News of comedian Garry Shandling’s death flooded the media on March 24th, with tributes aplenty touting the star of "It’s Garry Shandling’s Show" and "The Larry Sanders Show." But two other prominent individuals also passed away last week: writer and producer Earl Hamner, Jr., who created family drama "The Waltons," and actor and SAG-AFTRA president Ken Howard.
Four summers ago I had the opportunity to meet Hamner at a Warner Brother event at the Paley Center for Media in Beverly Hills. "The Waltons" was often criticized for being too sentimental," he told me. "But we tackled many serious issues. And we did it through the eyes, and the hearts, of a family that loved and cared about each other. We may not have been hip or sexy, but there was a great hunger for this real family interaction. People wanted that sense of security."
About eight months earlier I had attended an event honoring the 40th anniversary of the 1971 made-for-television movie "The Homecoming," which "The Waltons" was based on, and met most of the cast.
"There was no sex or violence on "The Waltons," remembered Michael Learned, who played matriarch Olivia Walton. "No sensationalism. We were the family you wished you had, but often didn’t. We offered that connection."
Initially, "The Waltons," which was patterned on Hamner’s childhood experiences growing up in the foothills of the Blue Ridge Mountains in Virginia during the Depression, was not expected to survive opposite ABC’s "The Mod Squad" and NBC’s "The Flip Wilson Show." But it ultimately rose to the No. 2 rated show in all of primetime by its sophomore season (1973-73), behind "All in the Family". It won a Peabody Award for season one, 13 Emmy Awards in total and countless other accolades. Today, "The Waltons" is referred to as the "granddaddy of family dramas," having established the model for series like "Little House on the Prairie," "Eight is Enough," "7th Heaven" and "Brothers & Sisters."

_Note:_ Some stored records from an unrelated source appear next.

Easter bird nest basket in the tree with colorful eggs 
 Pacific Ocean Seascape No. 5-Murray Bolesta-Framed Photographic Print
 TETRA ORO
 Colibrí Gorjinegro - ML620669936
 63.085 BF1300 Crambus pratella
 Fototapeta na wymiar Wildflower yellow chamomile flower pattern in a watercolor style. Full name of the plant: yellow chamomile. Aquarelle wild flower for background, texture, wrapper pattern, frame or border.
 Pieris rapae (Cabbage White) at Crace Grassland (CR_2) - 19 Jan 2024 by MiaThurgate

"We were the kind of show kids and teens at the time would not admit they watched," said Judy Norton, who played oldest daughter, Mary Ellen. "We were not the cool show. But there is something to be said for nine seasons on the air, the follow-up movies and the ongoing interest from fans all over the world."
Prior to "The Waltons," Hamner was the author of eight episodes of the original "Twilight Zone" (many episodes of which were inspired by the folk tales he heard as a child). He also honed his skills as a writer in episodic television in series like "Nanny and the Professor" and "Gentle Ben;" and he created dramas "Boone," "Apple’s Way" and "Falcon Crest," which was initially developed as a family-themed drama set in the Napa Valley wine industry called "The Vintage Years." CBS asked Hamner to make the show more like "Dallas," which dominated the primetime rankings at the time (and ultimately became the show’s lead-in for "Falcon Crest"). He stayed with the series for five seasons.
But "The Waltons" will remain the heart of Hamner’s legacy, evidenced by the legions of the show’s fans who still gather online today. "We are indeed fortunate that his body of work will remain his legacy to us," said Karen Kearney, author of email newsletter "The Waltons Digest," upon news of his passing.
"The White Shadow," starring Ken Howard, did not have the luxury of a nine season run like "The Waltons." Originating from Howard’s own experiences as a high school basketball player, it launched on CBS in the fall of 1978 (in place of sitcom "WKRP in Cincinnati" and "People," the short-lived TV version of People magazine), and barely resonated via the Nielsen ratings in its two-and-one-half season run. Yet "The White Shadow" is remembered by many, including myself, as one of the true unsung heroes in the history of dramatic TV storytelling.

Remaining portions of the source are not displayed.